▶ Task objective
Which lines of the entries below run from the one holding "Hi, my name" to the one holding "So with that, make", inclusive? Set down exactly those lines and no others.

▶ Data for the task
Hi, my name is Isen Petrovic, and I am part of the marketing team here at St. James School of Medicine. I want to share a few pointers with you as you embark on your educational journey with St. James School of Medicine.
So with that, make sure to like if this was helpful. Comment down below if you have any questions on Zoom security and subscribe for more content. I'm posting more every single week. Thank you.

* * *

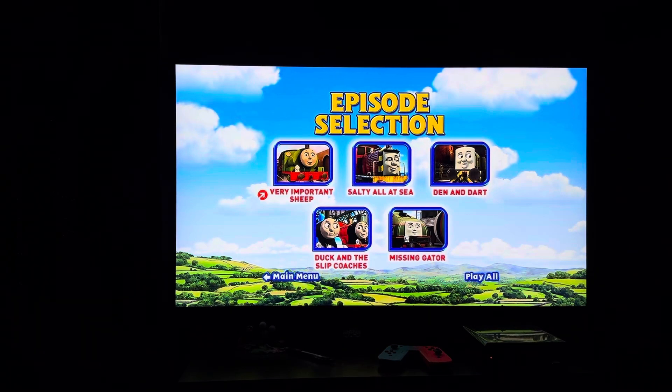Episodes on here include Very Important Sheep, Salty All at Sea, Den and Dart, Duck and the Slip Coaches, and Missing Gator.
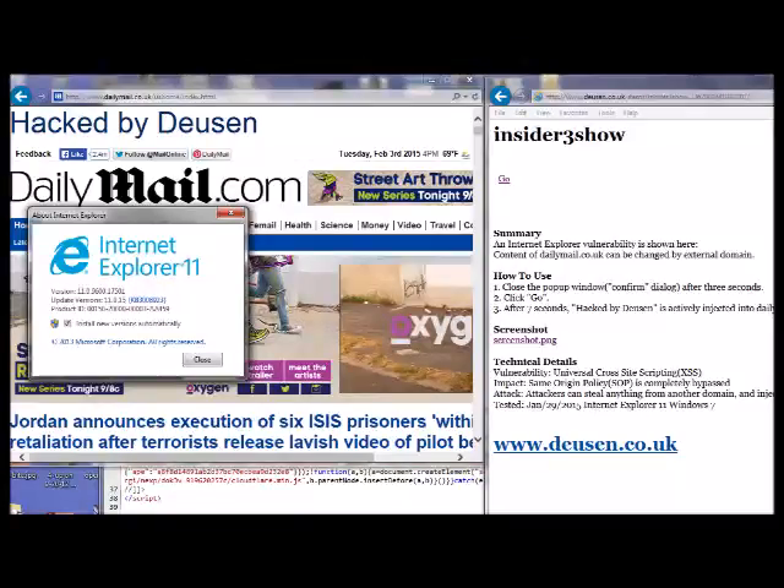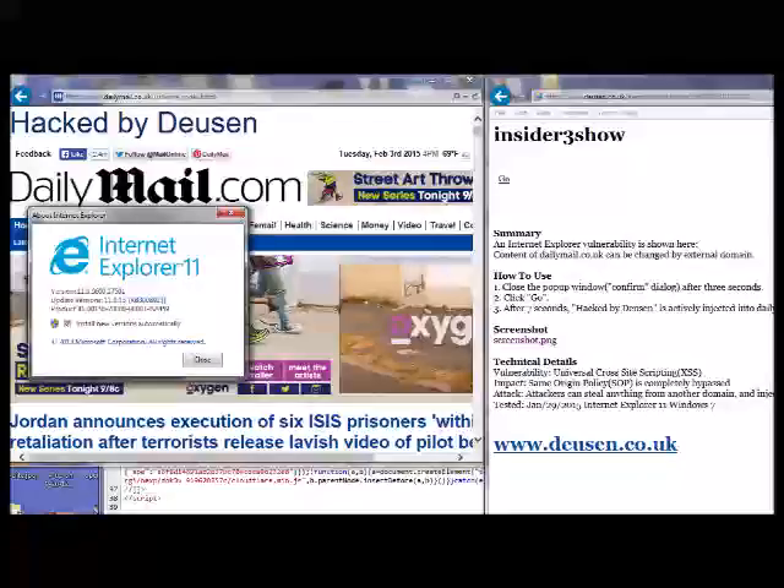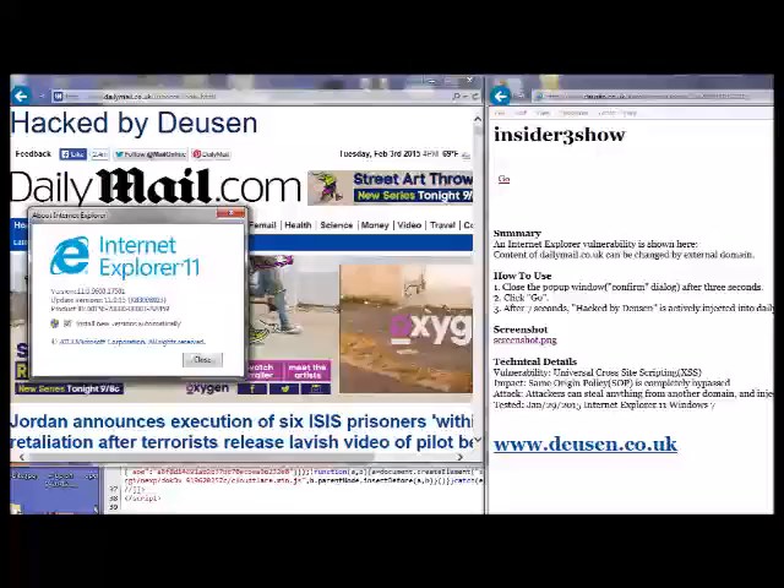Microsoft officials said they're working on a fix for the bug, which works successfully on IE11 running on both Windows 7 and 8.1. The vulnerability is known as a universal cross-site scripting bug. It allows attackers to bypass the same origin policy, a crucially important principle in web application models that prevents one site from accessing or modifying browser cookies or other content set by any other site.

▶ Reply
Hi, my name is Isen Petrovic, and I am part of the marketing team here at St. James School of Medicine. I want to share a few pointers with you as you embark on your educational journey with St. James School of Medicine.
So with that, make sure to like if this was helpful. Comment down below if you have any questions on Zoom security and subscribe for more content. I'm posting more every single week. Thank you.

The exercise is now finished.